Arnon Grunberg

Subject

Coma

We will end the year with disgust – Molly Young in NYT:

‘Once you are attuned to disgust, it is everywhere. On your morning commute, you may observe a tragic smear of roadkill on the highway or shudder at the sight of a rat browsing garbage on the subway tracks. At work, you glance with suspicion at the person who neglects to wash his filthy hands after a trip to the toilet. At home, you change your child’s diaper, unclog the shower drain, empty your cat’s litter box, pop a zit, throw out the fuzzy leftovers in the fridge. If you manage to complete a single day without experiencing any form of disgust, you are either a baby or in a coma.’

(…)

‘The most important disgust accounts following Darwin come from a pair of Hungarian men born two years apart, Aurel Kolnai (born in 1900) and Andras Angyal (1902).

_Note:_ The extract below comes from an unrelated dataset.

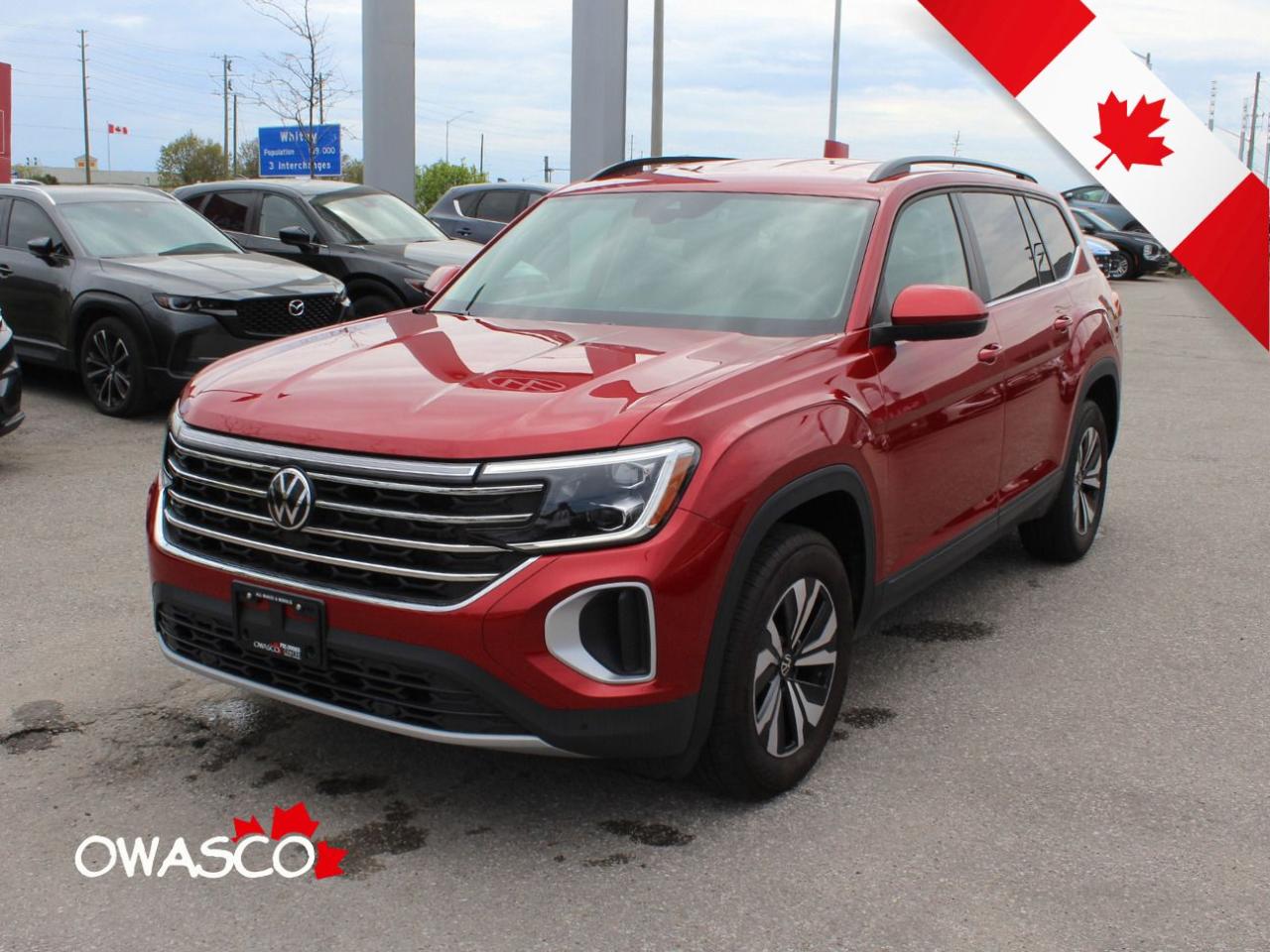 Used 2024 Volkswagen Atlas 2.0L Comfortline! Why buy new? Clean CarFax! for sale in Whitby, ON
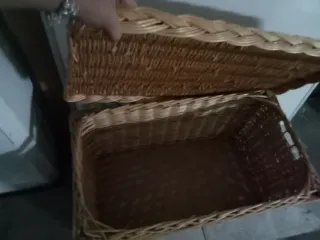 Baúl de mimbre Zara Home para almacenaje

I haven’t found any evidence that they knew each other, but it seems improbable that Angyal, whose disgust paper came out in 1941, didn’t draw from his countryman’s paper, which appeared in 1929. Strangely enough, the Angyal paper contains no reference to Kolnai. One possibility is that Angyal failed to cite his sources. A second possibility is that he was truly unaware of the earlier paper, in which case you have to wonder whether there was something so abnormally disgusting about Central Europe of the early 20th century that two strangers born there were driven to lengthy investigations of a subject no one else took seriously.’

(…)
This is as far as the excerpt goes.